## YOUR OBJECTIVE
When you reach the line that contains "Certified 2024 Ford", give it back exactly along with each line after it to the end of the entries; skip any pictures.
[Start of Attachment]
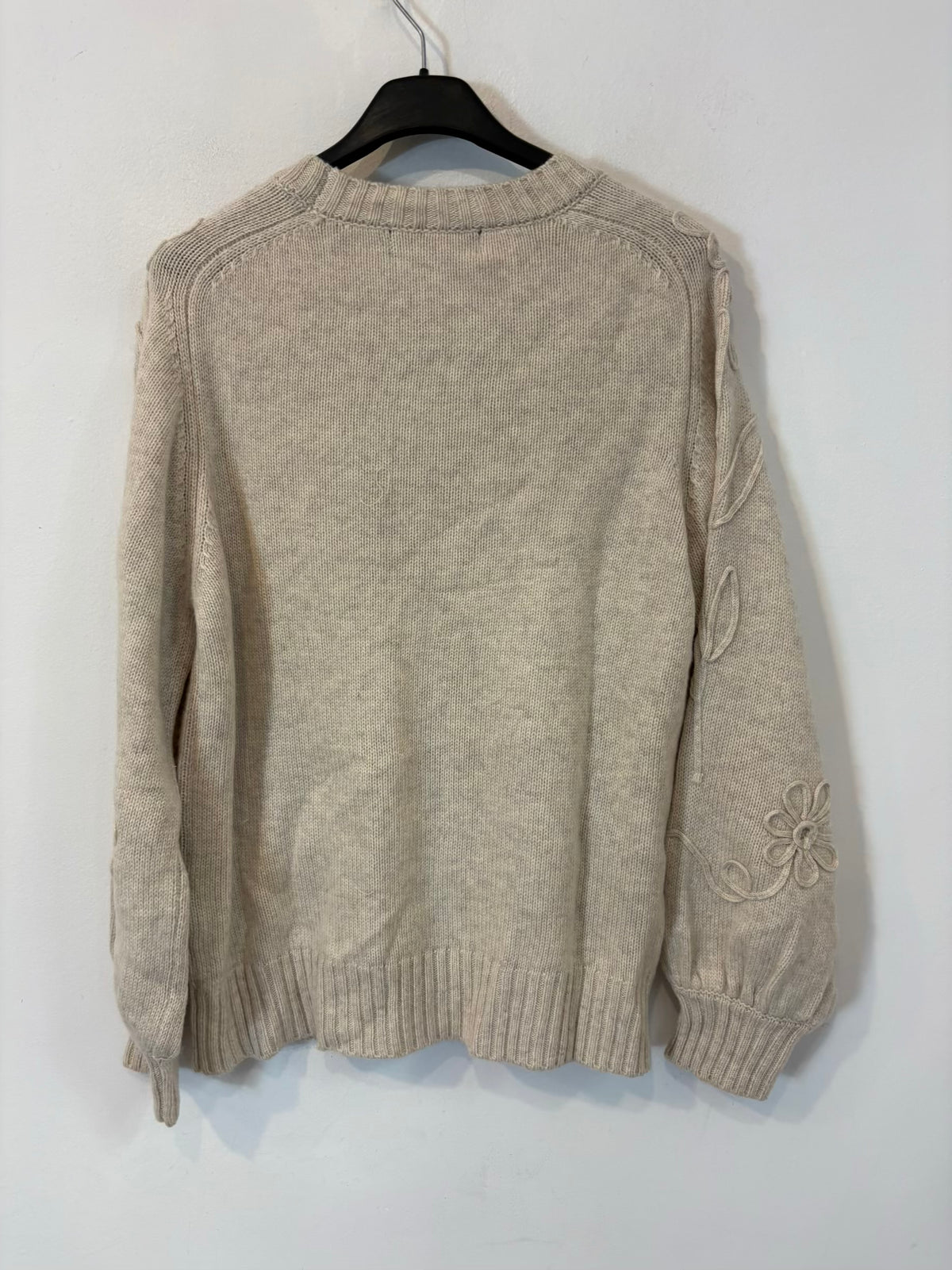 LLOYD´S. Jersey beige con lana relieves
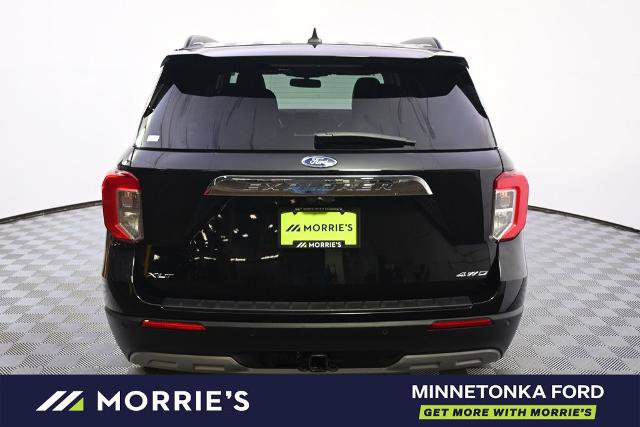 Certified 2024 Ford Explorer XLT w/ Equipment Group 202A AWD/4WD image 5
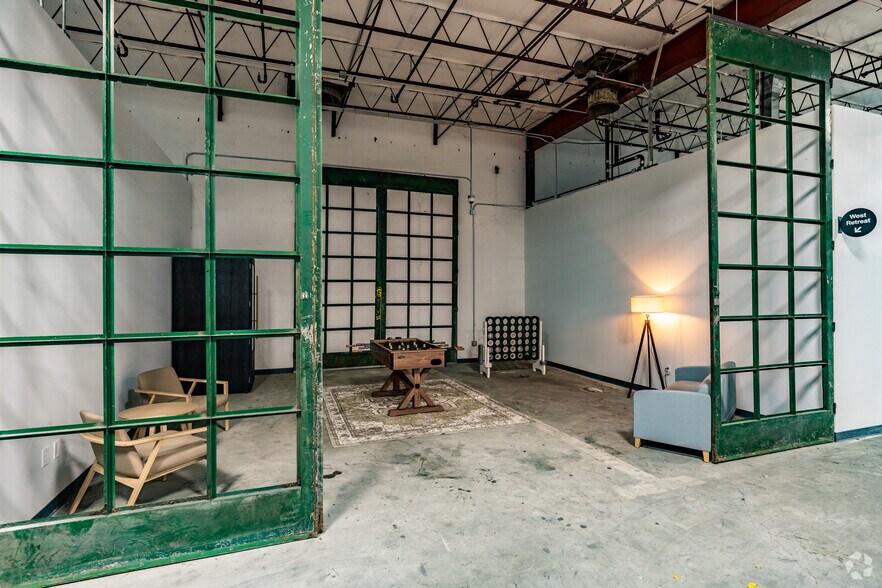 More Photos Of 1133 Polk Ave, Nashville Light Distribution For Lease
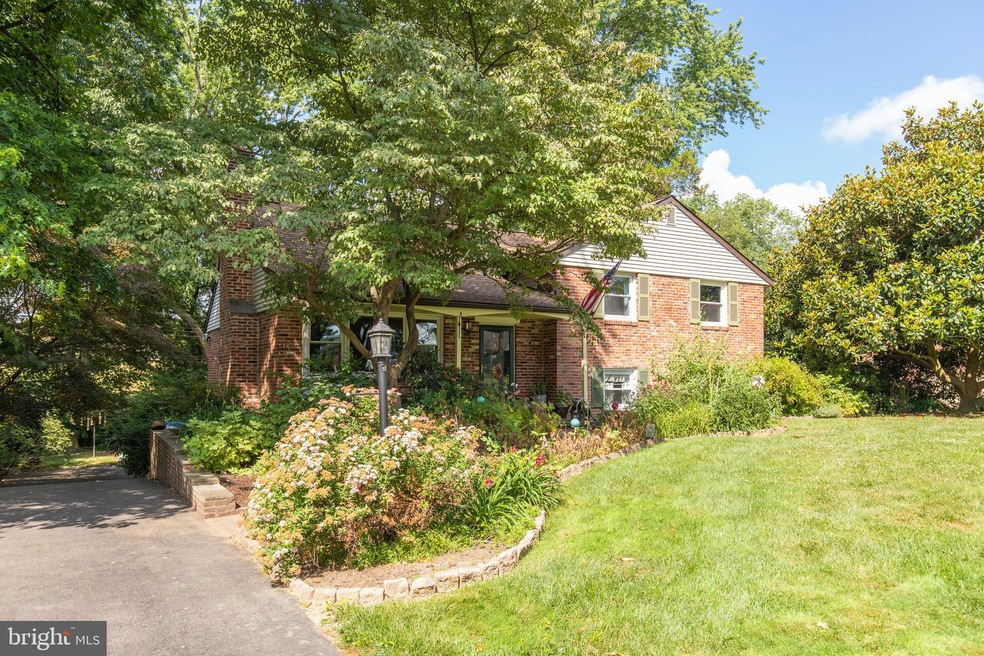 513 Georgetown Rd, Wallingford, PA 19086 - photo 1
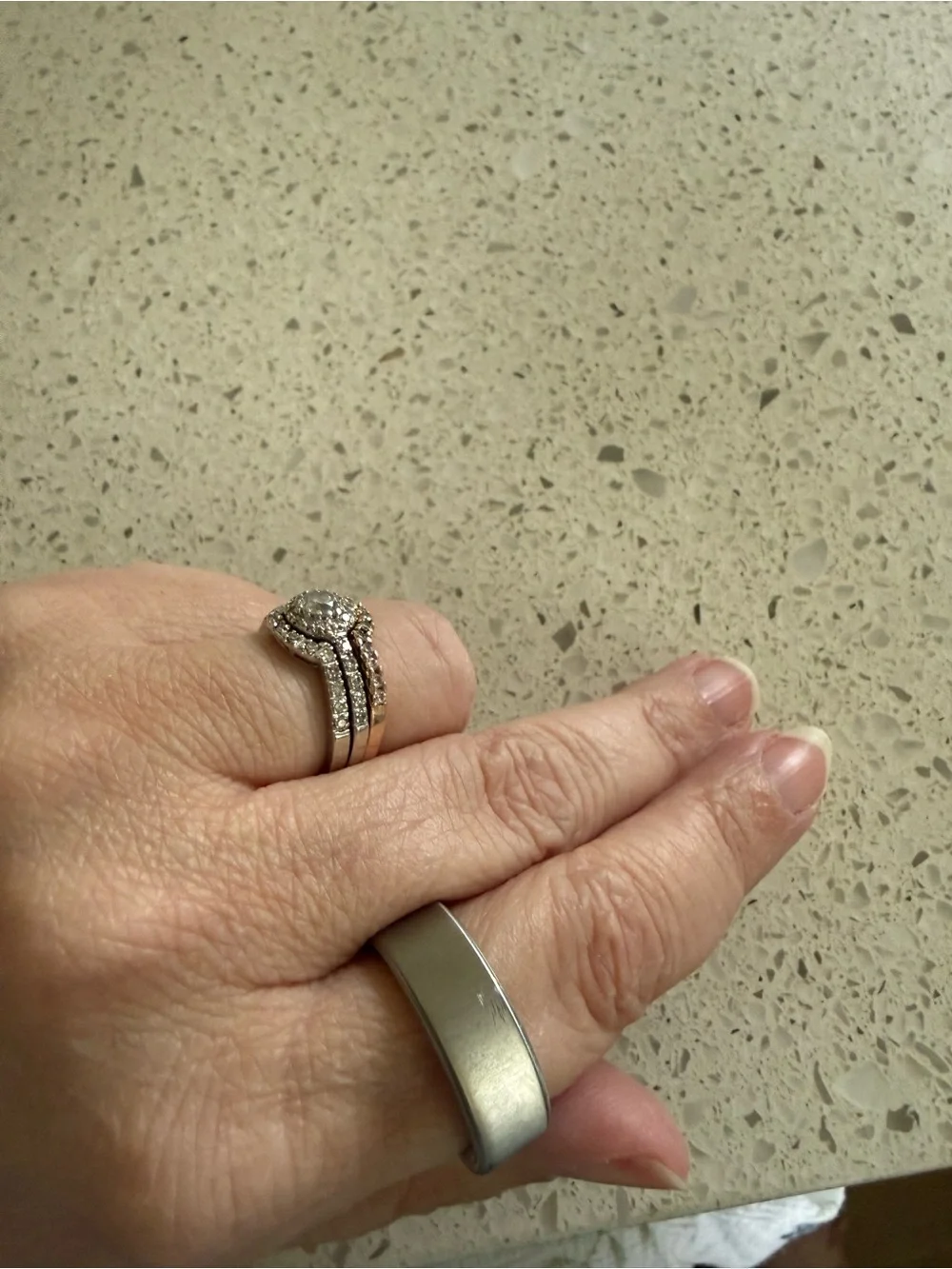 Oura Ring 4 Brushed Silver Size 9 (equal to size 8)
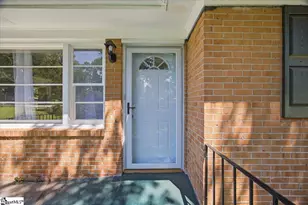 15 Duncan Rd, Greenville, SC 29617 - Photo 2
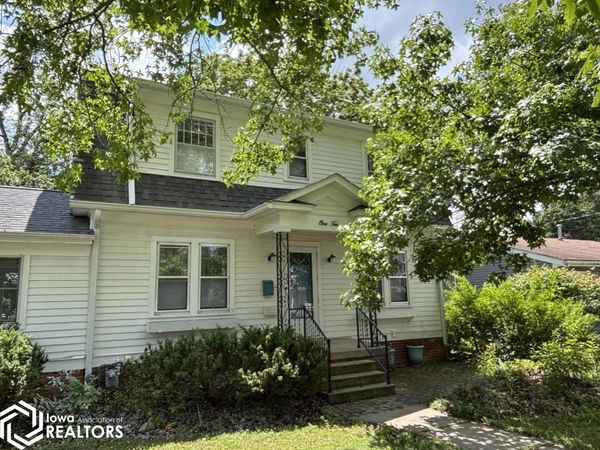 110 Iowa Avenue, Fairfield, IA 52556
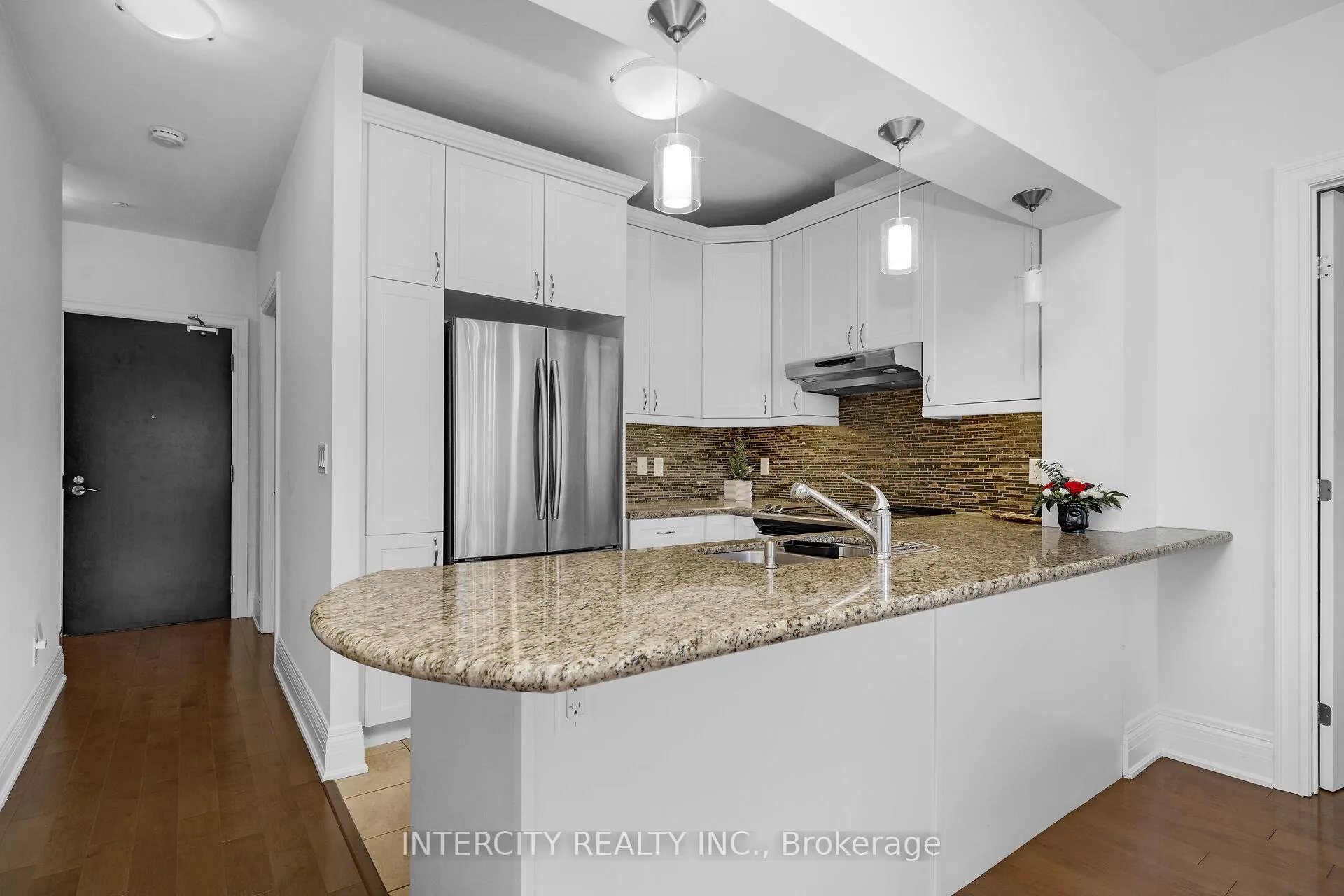Photo 15 of Unit 302, 80 Burns Boulevard, King, King City — HOMEH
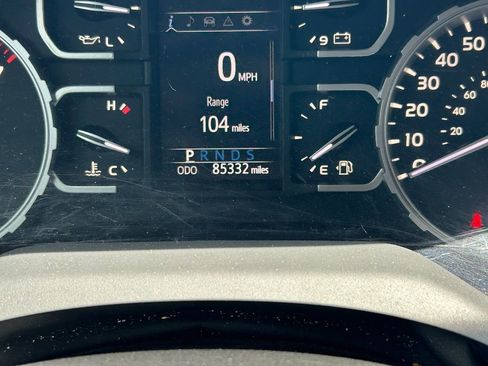 Used 2021 Toyota Tundra SR5 w/ SR5 Upgrade Package AWD/4WD image 39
[End of Attachment]
## REPLY TO THE TASK
 Certified 2024 Ford Explorer XLT w/ Equipment Group 202A AWD/4WD image 5
 More Photos Of 1133 Polk Ave, Nashville Light Distribution For Lease
 513 Georgetown Rd, Wallingford, PA 19086 - photo 1
 Oura Ring 4 Brushed Silver Size 9 (equal to size 8)
 15 Duncan Rd, Greenville, SC 29617 - Photo 2
 110 Iowa Avenue, Fairfield, IA 52556
Photo 15 of Unit 302, 80 Burns Boulevard, King, King City — HOMEH
 Used 2021 Toyota Tundra SR5 w/ SR5 Upgrade Package AWD/4WD image 39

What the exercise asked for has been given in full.